### Task objective
Transcribe the listing verbatim. Do not carry over any pictures.

### Information provided

-*-

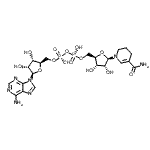 CAS#: 31172-31-3, [[(2R,3S,4R,5R)-5-(6-Aminopurin-9-Yl)-3,4-Dihydroxy-Tetrahydrofuran-2-Yl]Methoxy-Hydroxy-Phosphoryl] [(2R,3S,4R,5R)-5-(5-Carbamoyl-3,4-Dihydro-2H-Pyridin-1-Yl)-3,4-Dihydroxy-Tetrahydrofuran-2-Yl]Methyl Hydrogen Phosphate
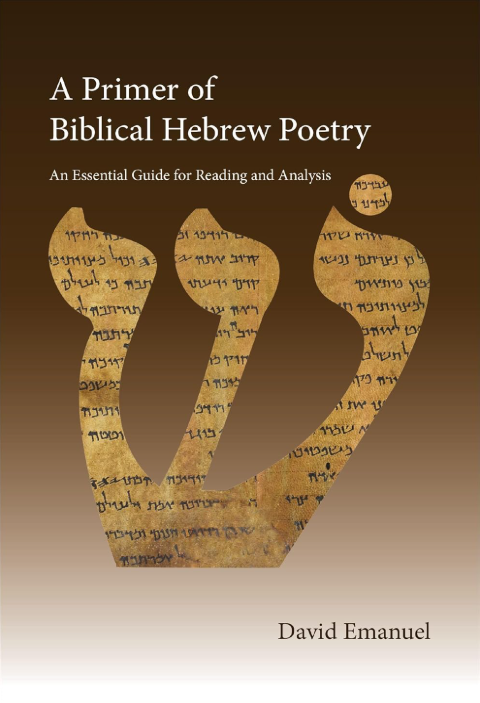 aPrimerOfBiblicalHebrewPoerty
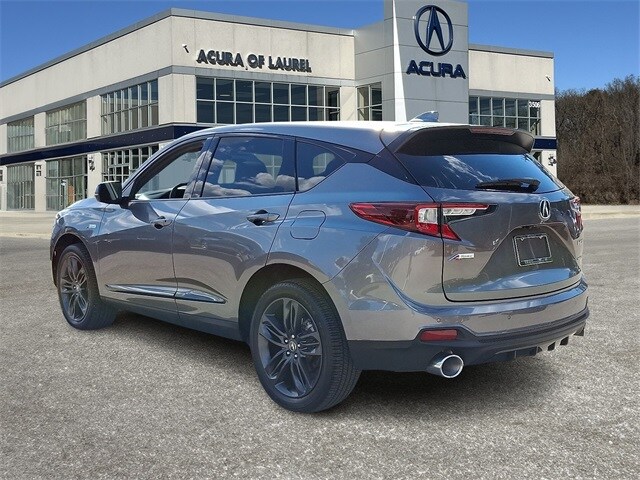2024 Acura RDX A-Spec photo 2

-*-

### Exercise response
 CAS#: 31172-31-3, [[(2R,3S,4R,5R)-5-(6-Aminopurin-9-Yl)-3,4-Dihydroxy-Tetrahydrofuran-2-Yl]Methoxy-Hydroxy-Phosphoryl] [(2R,3S,4R,5R)-5-(5-Carbamoyl-3,4-Dihydro-2H-Pyridin-1-Yl)-3,4-Dihydroxy-Tetrahydrofuran-2-Yl]Methyl Hydrogen Phosphate
 aPrimerOfBiblicalHebrewPoerty
2024 Acura RDX A-Spec photo 2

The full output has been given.